Offline Face Detection & Comparison for the Insurance domain using FaceNet

About the author

Nitor Infotech Blog

Nitor Infotech is a leading software product development company serving ISVs, enterprises, and private equity firms globally.

Artificial intelligence | 05 Jun 2019 | 6 min |

The insurance industry is estimated as most competitive but a less predictable domain. Insurance policies safeguard against uncertainties and hence are more prone to risks. Therefore, it has always been dependent on statistics. Certainly, the insurance companies have been benefited from data science applications.

One of the most interesting use case we came across is face detection in images and comparison of two or more images to predict whether faces identified in both images are of the same persona.

The detailed requirement is that an insurance executive should be able to capture both images from his/her mobile device. The device will then process those images and compare personas in images to provide outcome.

Despite significant recent advances in the field of face recognition, implementing face verification and recognition efficiently presents challenges to current approaches. Hence, we choose to use the FaceNet system to measure face similarity. Firstly, we have used CNN to identify faces. Secondly, we have used FaceNet to get vector mapping of images and then compare those vector to predict similarity.

What is Facenet?

FaceNet is a system that directly learns a mapping from face images to a compact Euclidean space where distances directly correspond to a measure of face similarity. Once this space has been produced, tasks such as face recognition, verification, and clustering can be easily implemented using standard techniques with FaceNet embeddings as feature vectors.

FaceNet maps a face into a 128D Euclidean space. The L2 distance (or Euclidean norm) between two face embeddings corresponds to its similarity. This is exactly like measuring the distance between two points in a line to know if they are close to each other.
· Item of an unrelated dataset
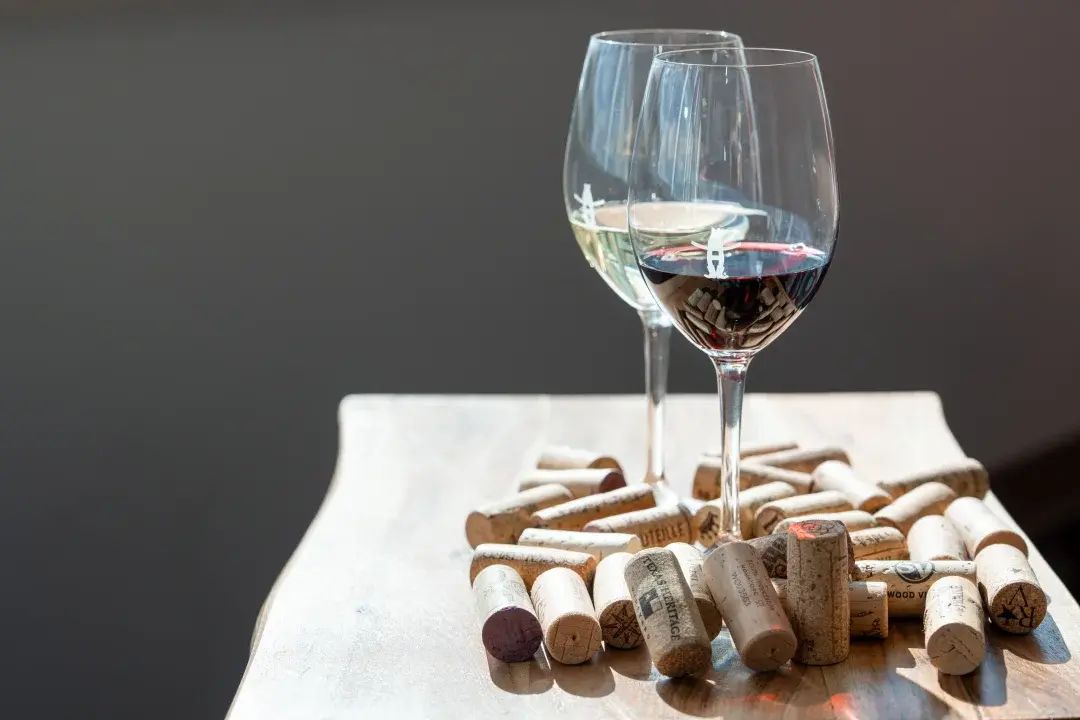 Wine glass, Houston Rodeo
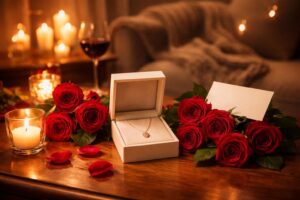 découvrez des idées de cadeaux romantiques pour surprendre votre copine à la saint-valentin et rendre ce moment inoubliable.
The FaceNet model is a deep convolutional network that employs triplet loss function. Triplet loss function minimizes the distance between a positive and an anchor while maximizing the distance between the anchor and a negative.

Why FaceNet?

FaceNet performs really well on real images. It builds on the Inception ResNet v1 architecture and is trained on the CASIA-WebFace and VGGFace2 datasets. FaceNet’s weights are optimized using the triplet loss function, so that it learns to embed facial images into a 128-dimensional sphere.

A Complete Solution

This is how we ensured a flawless implementation of FaceNet:

Accepted two images from user and resized.
Detected faces from both the images using Multi-task Cascaded Convolutional Networks (MTCNN).
Cropped the faces from the images.
Two cropped images were provided as input to face net model, which outputs two vectors of 512 dimensions.
Used Tensorflow implementation of MTCNN and FaceNet in android application.
Applied Euclidean distance formula to calculated distance between two vectors.
Compared distance with predefined threshold value, which can be set as per the analysis result while testing phase.
Completed face verification using the result of that comparison.

Conclusion:

Face technology is making its way into the mainstream. Furthermore, there is a growing list of companies offering developer friendly face API through their SaaS platforms, making it a lot easier and cheaper to incorporate state-of-the-art face technology into different types of products.

By now, you should be familiar with how face recognition systems work and how to make your own simplified face recognition system using a version of the FaceNet network.